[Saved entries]
━━━━━━━━━━━━━━━━━━━━━━━━━━━━━━

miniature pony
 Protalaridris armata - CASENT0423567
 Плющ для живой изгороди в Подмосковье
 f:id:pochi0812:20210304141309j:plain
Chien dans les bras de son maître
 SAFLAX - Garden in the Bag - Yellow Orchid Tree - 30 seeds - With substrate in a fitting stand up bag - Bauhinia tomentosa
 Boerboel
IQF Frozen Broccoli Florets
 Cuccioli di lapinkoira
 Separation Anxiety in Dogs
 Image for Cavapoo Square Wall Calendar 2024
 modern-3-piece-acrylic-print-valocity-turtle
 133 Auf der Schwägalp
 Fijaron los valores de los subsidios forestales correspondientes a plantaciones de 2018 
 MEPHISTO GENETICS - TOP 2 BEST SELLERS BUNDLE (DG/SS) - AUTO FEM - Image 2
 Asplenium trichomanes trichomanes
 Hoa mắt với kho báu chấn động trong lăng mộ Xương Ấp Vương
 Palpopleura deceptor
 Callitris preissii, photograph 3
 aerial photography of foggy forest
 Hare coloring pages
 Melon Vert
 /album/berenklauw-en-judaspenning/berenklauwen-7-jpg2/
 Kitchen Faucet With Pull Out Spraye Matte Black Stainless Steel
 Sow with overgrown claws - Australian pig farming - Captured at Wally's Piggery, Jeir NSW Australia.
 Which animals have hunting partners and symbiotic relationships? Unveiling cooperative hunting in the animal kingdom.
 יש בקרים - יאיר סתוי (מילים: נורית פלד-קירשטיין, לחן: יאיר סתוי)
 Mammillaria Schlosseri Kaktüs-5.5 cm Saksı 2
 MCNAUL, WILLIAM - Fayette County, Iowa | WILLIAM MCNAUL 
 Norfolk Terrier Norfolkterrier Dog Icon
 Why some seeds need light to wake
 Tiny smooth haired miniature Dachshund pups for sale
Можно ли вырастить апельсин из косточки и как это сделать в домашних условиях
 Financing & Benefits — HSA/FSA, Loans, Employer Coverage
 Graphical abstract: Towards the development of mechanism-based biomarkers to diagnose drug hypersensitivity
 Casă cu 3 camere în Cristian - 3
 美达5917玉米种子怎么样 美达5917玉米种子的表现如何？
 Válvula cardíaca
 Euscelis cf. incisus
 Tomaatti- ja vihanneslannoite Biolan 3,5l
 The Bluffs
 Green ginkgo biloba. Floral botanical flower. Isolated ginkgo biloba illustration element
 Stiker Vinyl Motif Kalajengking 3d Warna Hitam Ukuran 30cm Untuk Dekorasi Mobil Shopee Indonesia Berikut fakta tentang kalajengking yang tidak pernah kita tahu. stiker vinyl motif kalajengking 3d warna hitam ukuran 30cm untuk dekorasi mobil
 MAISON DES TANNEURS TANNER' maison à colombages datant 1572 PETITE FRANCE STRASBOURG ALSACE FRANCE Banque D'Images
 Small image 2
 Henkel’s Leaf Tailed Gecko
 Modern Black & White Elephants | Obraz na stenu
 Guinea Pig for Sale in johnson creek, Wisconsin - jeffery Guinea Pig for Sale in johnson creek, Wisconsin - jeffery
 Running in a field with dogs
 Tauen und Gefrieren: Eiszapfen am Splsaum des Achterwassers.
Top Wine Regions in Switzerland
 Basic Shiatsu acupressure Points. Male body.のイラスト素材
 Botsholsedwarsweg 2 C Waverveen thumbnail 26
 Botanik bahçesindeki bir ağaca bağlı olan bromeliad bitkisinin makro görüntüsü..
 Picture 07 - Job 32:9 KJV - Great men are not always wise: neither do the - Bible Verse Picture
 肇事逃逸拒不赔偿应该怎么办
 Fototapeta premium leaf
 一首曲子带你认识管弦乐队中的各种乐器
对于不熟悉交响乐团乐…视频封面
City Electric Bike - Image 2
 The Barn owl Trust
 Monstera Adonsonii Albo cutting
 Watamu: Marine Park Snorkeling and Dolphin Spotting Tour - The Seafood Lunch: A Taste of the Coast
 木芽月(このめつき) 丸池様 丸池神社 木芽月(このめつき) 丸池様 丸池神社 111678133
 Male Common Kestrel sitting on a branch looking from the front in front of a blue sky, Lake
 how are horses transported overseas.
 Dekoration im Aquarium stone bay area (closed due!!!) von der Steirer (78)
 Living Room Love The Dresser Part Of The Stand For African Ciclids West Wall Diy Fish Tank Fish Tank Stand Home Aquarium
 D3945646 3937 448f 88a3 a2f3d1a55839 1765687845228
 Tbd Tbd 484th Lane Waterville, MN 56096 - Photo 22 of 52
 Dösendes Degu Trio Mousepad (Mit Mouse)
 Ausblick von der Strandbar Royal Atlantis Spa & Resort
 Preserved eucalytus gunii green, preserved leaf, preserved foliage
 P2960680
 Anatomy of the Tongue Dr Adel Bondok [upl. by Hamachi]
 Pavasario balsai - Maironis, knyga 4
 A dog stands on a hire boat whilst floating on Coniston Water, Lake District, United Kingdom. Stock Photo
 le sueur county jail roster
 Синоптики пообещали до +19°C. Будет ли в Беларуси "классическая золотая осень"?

━━━━━━━━━━━━━━━━━━━━━━━━━━━━━━

About this task:
Copy all the lines above that hold the string "Male".

Output for this exercise:
 Basic Shiatsu acupressure Points. Male body.のイラスト素材
 Male Common Kestrel sitting on a branch looking from the front in front of a blue sky, Lake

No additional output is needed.